Les trois politiciens allemands qui souhaitent succéder à la chancelière Angela Merkel ont débattu ensemble pour la première fois à la télévision. Tous trois remettent en question le fait que dans l'Union européenne, tout doive encore être décidé à l'unanimité.
Les trois futurs dirigeants allemands ont des positions différentes sur les réformes de l'UE, la politique de défense et le controversé projet de gazoduc russe Nord Stream 2. Ils ont également abordé des questions telles que le changement climatique et la politique au Moyen-Orient lors de leur discussion télévisée, à laquelle ont également assisté Merkel et la présidente de la Commission européenne, Ursula von der Leyen.
Interrogée sur sa principale critique de l'UE actuelle, la candidate Annalena Baerbock (Les Verts) a répondu que le principe d’unanimité ne devrait s’appliquer qu'aux décisions majeures, et non aux questions moins importantes. Olaf Scholz (SPD) a déclaré qu'il existait certains domaines politiques où un dérogation au principe d’unanimité pourrait valoir la peine, tandis qu'Armin Laschet (CDU) a prudemment indiqué qu'il était ouvert à des modifications du traité.
En ce qui concerne le controversé projet Nord Stream 2, un second gazoduc russe vers l'Allemagne, Laschet et Scholz ont montré beaucoup plus de détermination, rapporte Deutsche Welle.
Le projet « assurerait la sécurité de l'approvisionnement énergétique de l'Allemagne », le pays ayant renoncé à l'énergie nucléaire, a déclaré Scholz, tandis que Laschet a affirmé soutenir le projet et penser que « c'était la bonne chose à faire ». Le chef de la CDU, Armin Laschet, est largement attendu pour maintenir la ligne diplomatique de son prédécesseur Angela Merkel, avec peu de nuances en matière de politique étrangère et de sécurité.
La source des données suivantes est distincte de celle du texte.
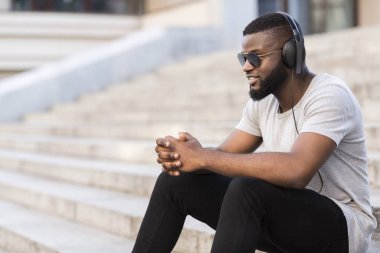 Sakin Afrikalı adam merdivenlerde oturan ve açık müzik dinlerken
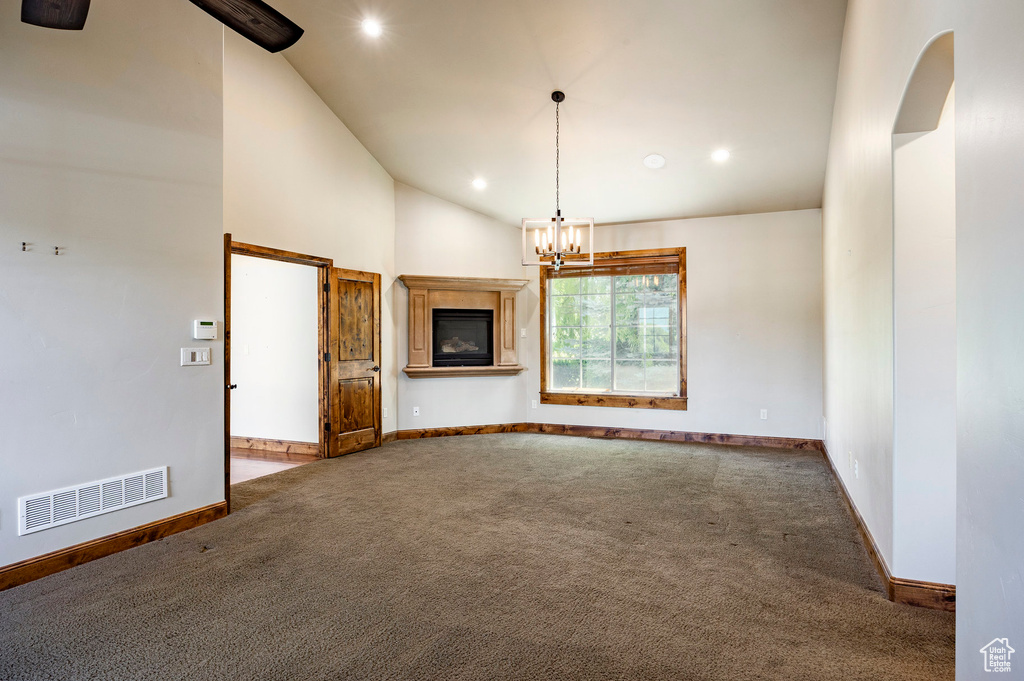 Carpeted spare room with recessed lighting, a chandelier, high vaulted ceiling, and a glass covered fireplace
Baerbock, en revanche, a adopté une position plus critique et a souligné l'opposition des États-Unis et d'autres pays européens au projet. « L'Allemagne est totalement à l'opposé de tous les autres Européens », a-t-elle déclaré. L'année dernière, les Verts avaient appelé l'Allemagne à arrêter ce projet à la suite de l'attaque contre le dissident russe Alexeï Navalny.
En Allemagne, l'environnement et le changement climatique sont les deux questions électorales majeures, les Verts allemands étant en tête des sondages pour la première fois de leur histoire vieille de 40 ans. Dans les sondages d’opinion les plus récents, la CDU occupe la deuxième place, le SPD la troisième, et l'AfD, Die Linke et le FDP sont relativement proches aux quatrième, cinquième et sixième places.
Scholz a tenté de renforcer la réputation écologiste de son SPD, affirmant que son parti avait poussé à des réductions d'émissions plus strictes et plaidait pour plus d'énergies renouvelables. Laschet a quant à lui pointé l'abandon du charbon convenu sous les conservateurs. La sortie du charbon en Allemagne est prévue relativement tard, en 2038.
La candidate des Verts, Baerbock, a critiqué la position du SPD et de la CDU sur les questions climatiques, s’interrogeant sur le fait que, si ces autres partis tenaient tant à l'environnement, les progrès de l'Allemagne vers la neutralité climatique avaient tant stagné sous leur direction.